__AVAILABLE DATA__

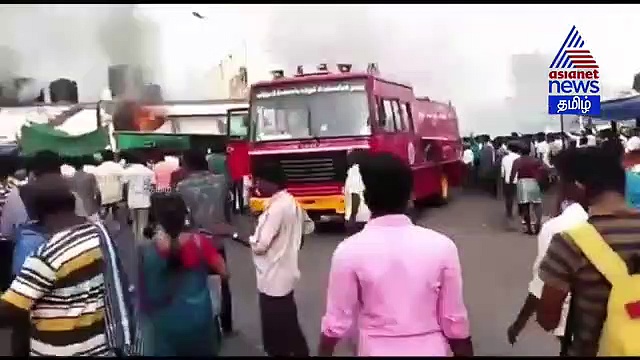 தேனீர் கடையில் திடீர் தீ விபத்து..! கரூர் பேருந்து நிலையத்தில் பரபரப்பு வீடியோ..
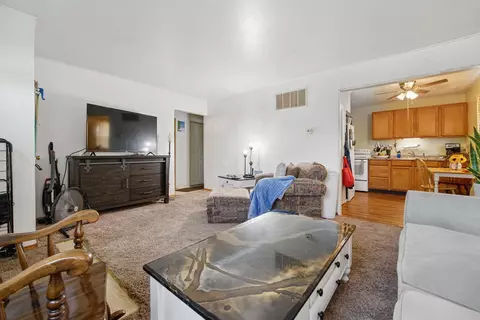 Living - 991 Dimson Dr E, Columbus, OH 43213 photo 2 of 2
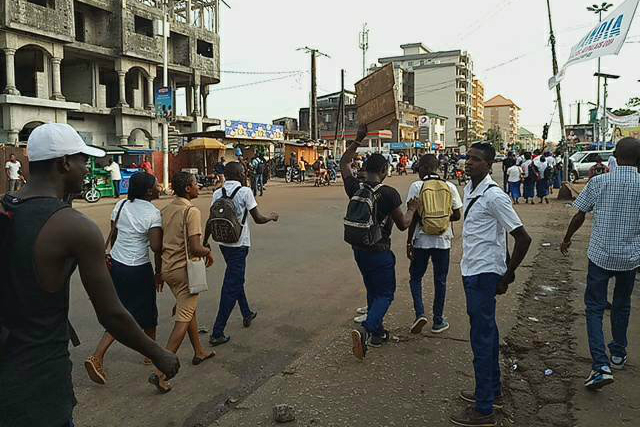 Article : En Guin&eacute;e, la crise sociopolitique s&rsquo;intensifie, les &eacute;l&egrave;ves terr&eacute;s &agrave; la maison et les activit&eacute;s au ralenti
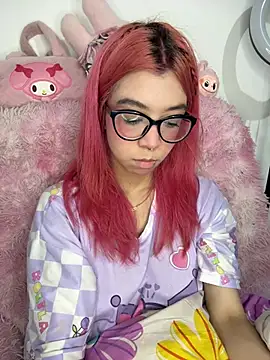 Pokazy przed kamerką – Valen-Foxx1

__PROBLEM TO WORK ON__
Reproduce the lines of the data that run from the one containing "Living - 991" to the final line, both included, exactly as they appear and without the pictures.

__RESPONSE BOX__
 Living - 991 Dimson Dr E, Columbus, OH 43213 photo 2 of 2
 Article : En Guin&eacute;e, la crise sociopolitique s&rsquo;intensifie, les &eacute;l&egrave;ves terr&eacute;s &agrave; la maison et les activit&eacute;s au ralenti
 Pokazy przed kamerką – Valen-Foxx1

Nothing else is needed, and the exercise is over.